In the Spy Wars Special Screening and Q&A that I mentioned above, when asked about the story selection process, Johanna Woolford Gibbon, a producer for the series, said that their goal was to show the viewer the point of view of the people who were in the room at the time when decisions were made. So they opted for stories where critical actors involved are still alive to share their very personal stories.
So… I have a theory (or more of an educated guess): The story of Kim Philby, being one of the most notorious spy stories in the 20th century, was on the table for Spy Wars but they decided not to go with it since most people involved in the case are dead. And then Damian thought about the possibility of producing it into a mini-series. Sure this is pure speculation on my end but it is not so far-fetched, is it?
In addition to Damian having had some experience in the world of espionage, both he and Dominic West have backgrounds similar to those of Nicholas Elliott and Kim Philby: Both Damian and Dominic went to boarding schools as kids and then attended Eton College exactly like Elliott did. While their choice of career took Damian and Dominic to the Guildhall School of Music and Drama rather than Oxford or Cambridge, they definitely grew up with the public school types – they are used to an experience of people with power and money. So I think that part of their preparation for their roles is complete!
At Time Out London Spy Weekend that I was lucky to attend a few years ago, Susanna White, who directed Damian in Our Kind of Traitor, shared with the audience that Damian was carrying the Le Carre book all the time on the set picking and choosing bits from the book that he thought unlocked the character and asking if he could do this bit or that bit in the movie. And when I had the wonderful opportunity to ask Damian about how he unlocked his character Hector after his Times Talks in New York, he said he always has the source material with him if there exists source material. He always takes it around with him and keeps referring back to it all through the day.
That is why I think Damian has already read A Spy Among Friends. And I believe, to be able to get into Elliott’s head, he has (or will) read Elliott’s memoir titled Never Judge a Man by His Umbrella (I just received it in the mail!) and maybe Kim Philby’s autobiography My Silent War. The thing is that, being spies, both Elliott and Philby are unreliable narrators in their own right. But the books could still be useful resources to understand how these men think.
I want to close with a sweet connection of this spy story to Turkey where I was born and grew up. The story is obviously set in a number of locations including London, Bern, Vienna, Beirut and… Istanbul. I honestly had no idea that Istanbul was a huge spy hub in the 1940s. Both Elliott and Philby ended up working in Istanbul. And Elliottt, in fact, married Elizabeth Holberton, his MI6 secretary and confidante, at the famous Istanbul Park Hotel. I cannot help wonder if the production will be shot in the UK in its entirety or if they will film a scene or two in Istanbul. I do not know if Damian has ever visited Istanbul, but if not, this would be a unique opportunity for him to see this uniquely fantastic city. Fingers crossed!

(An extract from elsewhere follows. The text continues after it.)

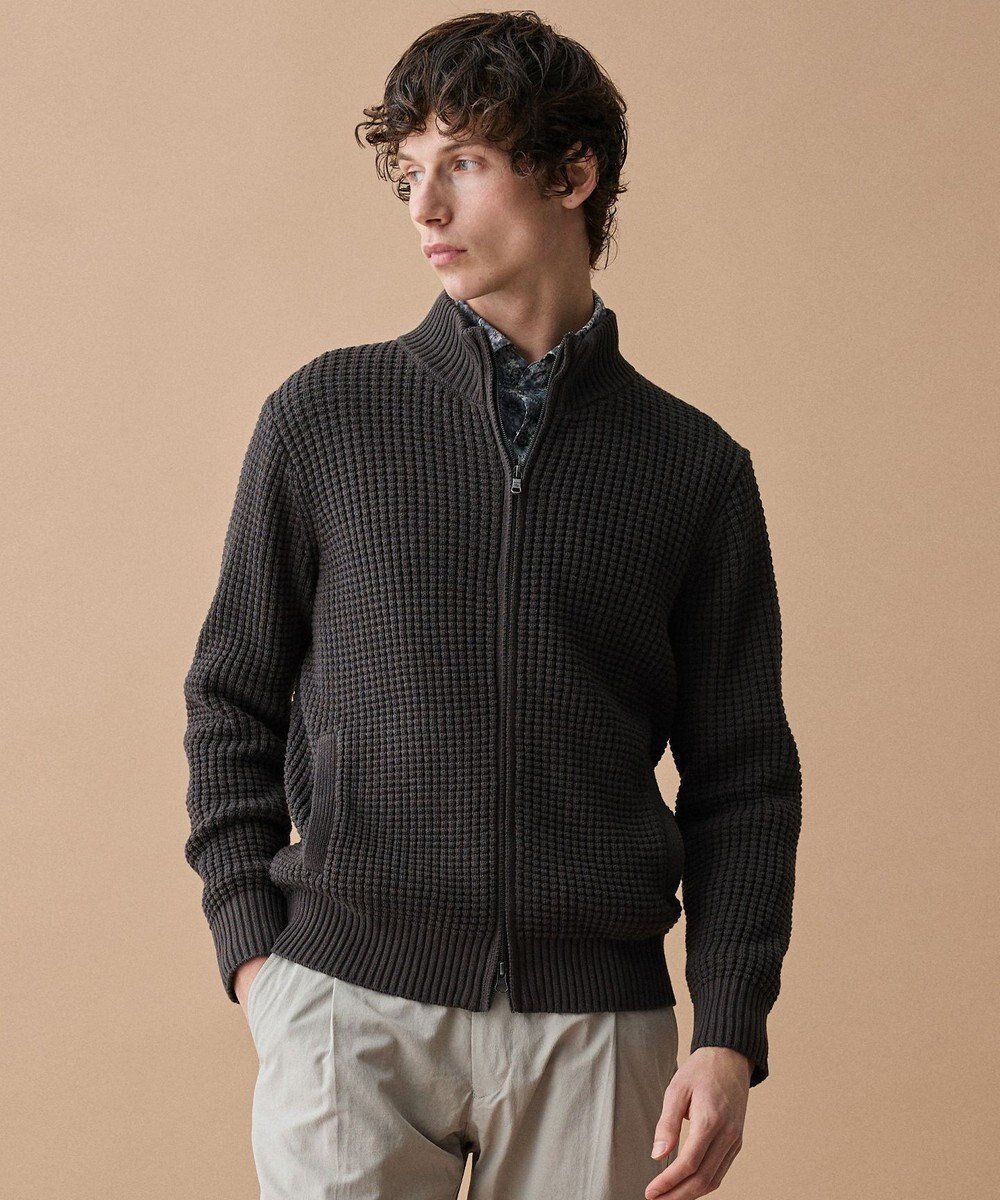 【ジョセフ アブード/JOSEPH ABBOUD / MEN】の【3シーズン活躍する綿ブレンド】コットンアクリルバルキー ジップニット ブルゾン 人気、トレンドファッション・服の通販 founy(ファニー) ファッション Fashion メンズファッション Fashion for Men トップス・カットソー Cut & Sew Tops ニット・セーター / 定番トップス Knit Tops & Sweaters カーディガン / 羽織り Cardigans インナー Innerwear 春 Spring 秋 Autumn カーディガン Cardigan, Knitwear 軽量 Lightweight, Ultra Light シンプル Simple, Minimal フィット Fit, Slim Fit ブルゾン Blouson, Bomber Jacket 冬 Winter / This Winter A/W・秋冬 Autumn/Winter S/S・春夏 SS, Spring/Summer, Warm Season おすすめ Recommended / Our Picks 夏 Summer エレガント 上品 Elegant other-1|ID: prp329100004775476 ipo3291000000035126684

This is great post! It makes me very eager to see this film. I’m happy to see Damian in movies that can project his talent. “Dream Horse” is the other. Thanks Damianista!

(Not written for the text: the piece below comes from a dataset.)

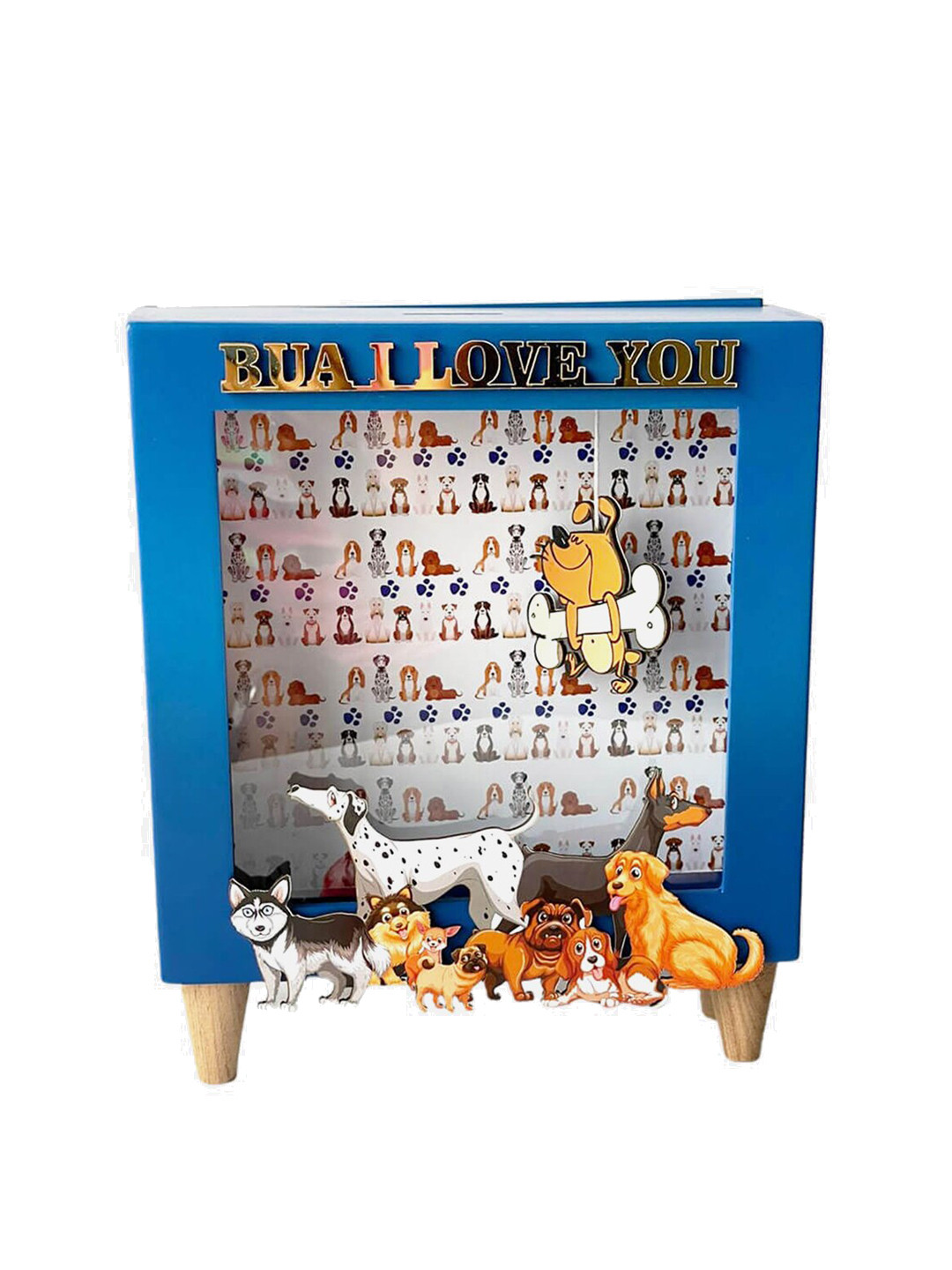 Little Surprise Box LLP Pet Squad Piggy Blue Wood Natural Living Room Small Showpiece - 8 Inches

Read the book, it’s very good, you can easily see Damian as Elliott and Dominic West as Philby. The way MacIntyre tells the story through their friendship is extremely clever. As I have highlighted in the post, Damian and Dominic West have the exact same background with the characters they will portray in the series. I can already imagine them in a living room in Beirut sipping tea. It will be brilliant!